> **YOUR TASK**:
Go to the line that includes "Dix centimes Napoléon" and retype it, then every line after it to the end of the data, adding nothing.

> **RAW DATA**:
----------------

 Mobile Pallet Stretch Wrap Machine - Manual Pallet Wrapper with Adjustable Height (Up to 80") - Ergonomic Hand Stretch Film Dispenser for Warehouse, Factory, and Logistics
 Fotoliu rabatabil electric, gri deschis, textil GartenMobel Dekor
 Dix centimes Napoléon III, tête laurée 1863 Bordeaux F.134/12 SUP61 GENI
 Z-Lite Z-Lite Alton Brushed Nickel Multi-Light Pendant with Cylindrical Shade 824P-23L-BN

----------------

> **WRITTEN SOLUTION**:
 Dix centimes Napoléon III, tête laurée 1863 Bordeaux F.134/12 SUP61 GENI
 Z-Lite Z-Lite Alton Brushed Nickel Multi-Light Pendant with Cylindrical Shade 824P-23L-BN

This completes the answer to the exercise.